(Beginning of Data extract)
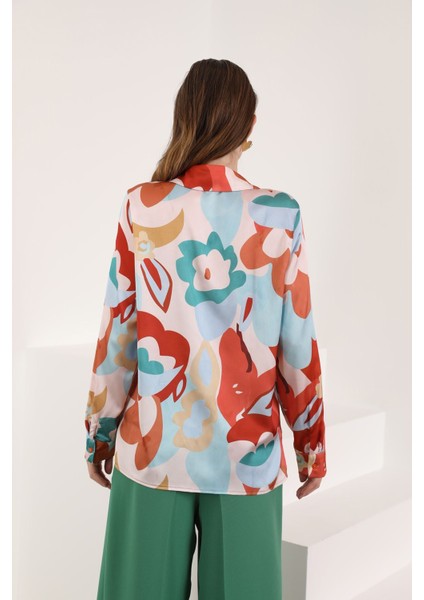 Saten Kumaş Renkli Çiçek Desen Kobe Kadın Gömlek-Tarçın indirimleri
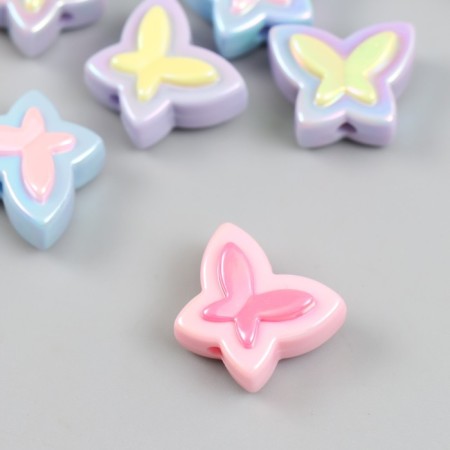 Busina for creativity plastic set 6 pcs. "Butterfly" color with mother -of -pearl mix 2x1.6 cm-1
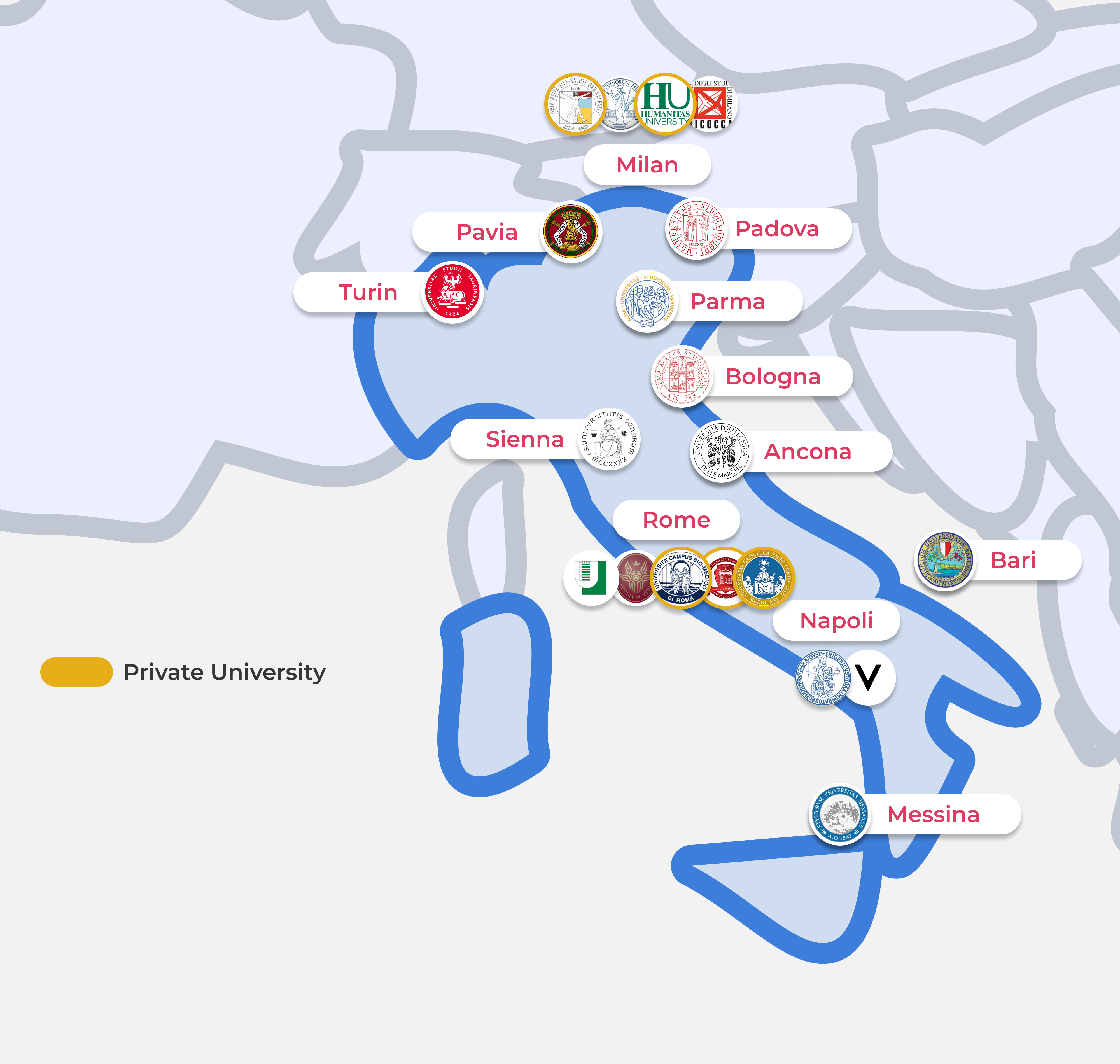 The different locations of the medical universities across italy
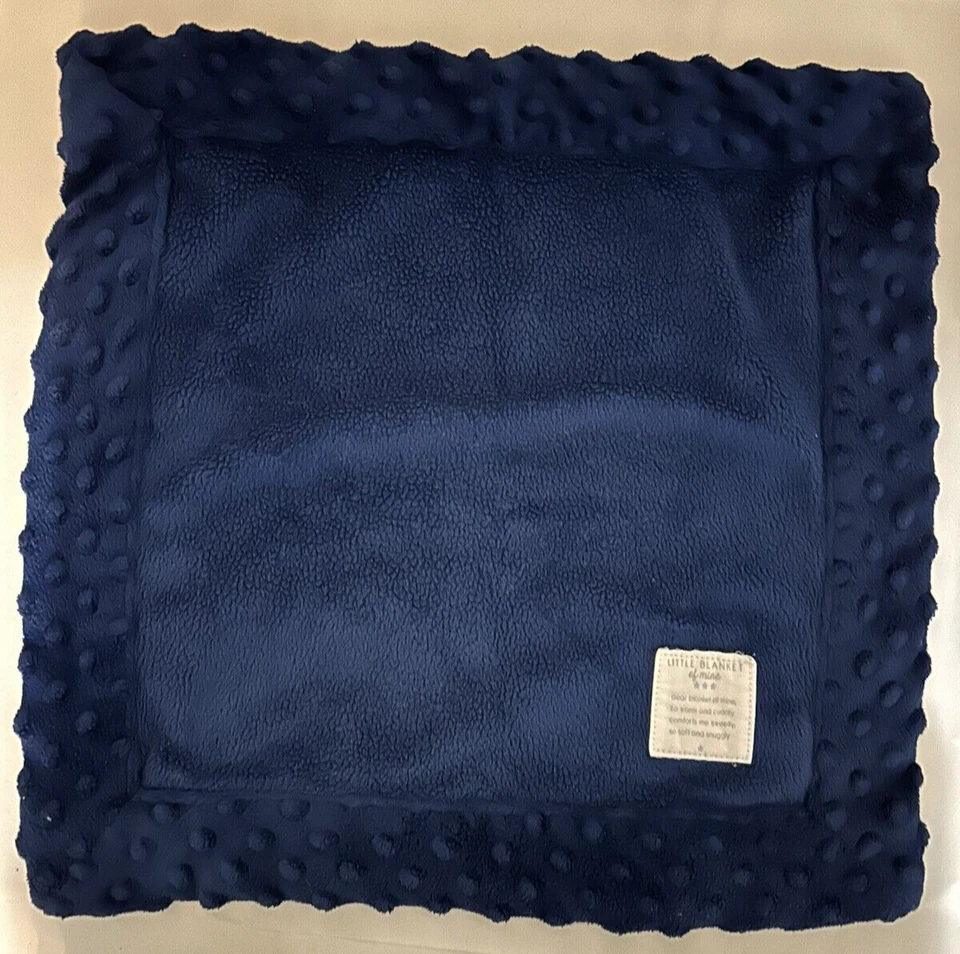 Carters Child Little Blanket of Mine Security Baby Lovey Azul Marinho Minky Dots - Imagem 1 de 4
(End of Data extract)
__What is being asked__. Print the material in full and exactly; the pictures must not be printed.

__Output of the exercise__.
 Saten Kumaş Renkli Çiçek Desen Kobe Kadın Gömlek-Tarçın indirimleri
 Busina for creativity plastic set 6 pcs. "Butterfly" color with mother -of -pearl mix 2x1.6 cm-1
 The different locations of the medical universities across italy
 Carters Child Little Blanket of Mine Security Baby Lovey Azul Marinho Minky Dots - Imagem 1 de 4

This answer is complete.